The time is larger than topk mode, because every tags are added to hash table, while topk only select some.
#### histogram record 
For the same cube, the same metric, and the same cell, call fieldstat_histogram_record 100000 times. Calculate the mean time spent for record once.
#### HLL add
For the same cube, the same metric, and the same cell, call fieldstat_hll_add 100000 times. Calculate the mean time spent for record once.
#### copy 1 cell of a counter metric
There are 1000 cells, 1 cube, 1 metric on a instance to be merged. The metric type is counter. Record the time of merging once. Calculate the mean time.

####  copy 1 cell of a HLL metric
There are 1000 cells, 1 cube, 1 metric on a instance to be merged. The metric type is HLL, with precision set to 6. Record the time of merging once. Calculate the mean time. 

####  copy 1 cell of a histogram metric
There are 1000 cells, 1 cube, 1 metric on a instance to be merged. The metric type is Histogram, with min set to 1, max set to 100000, precision set to 1. Record the time of merging once. Calculate the mean time. It should be noticed that merging histogram is time-consuming.

#### copy 1 cell of a counter metric on topk cube
Register a top-K sampling mode cube, following by the same operation of "copy 1 cell of a counter metric".

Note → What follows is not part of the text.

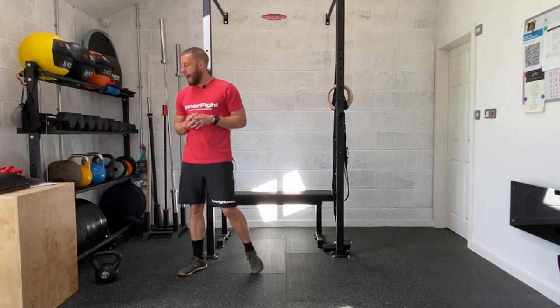Mobility for runners, session two. You don't need any equipment for this one, however it would be useful if you had a wall or a post or something just to be able to support yourself in a couple of these exercises.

#### merge 1 cell of a 1 counter metric
First do the same registering operation the same as copy 1 cell of a counter metric. After merging without timer start once to create a duplication of source instance, merge twice with the timer start to measure performance. The second merge won't add new cells, so it will be faster.

####  merge 1 cell of a HLL metric
The same as "copy 1 cell of a HLL metric" but merge twice.

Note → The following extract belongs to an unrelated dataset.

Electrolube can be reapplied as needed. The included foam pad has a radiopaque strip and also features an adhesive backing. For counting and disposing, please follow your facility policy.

####  merge 1 cell of a histogram metric
The same as "copy 1 cell of a histogram metric" but merge twice.

#### merge 1 cell of a counter metric on topk cube
The same as "copy 1 cell of a counter metric on topk cube" but merge twice. 
Merging Heavy Keeper is slower the coping it, it is why the execution time is unusually higher than copying it.

#### export a cell
I add a instance with 100 cubes, on each of which I register 10 metrics. The max cell number of each cube is 1000, and call the metric operation on every added cell. So there are 100 * 10 * 1000 cells in total. After exporting the instance, calculate the average time spent on each cells.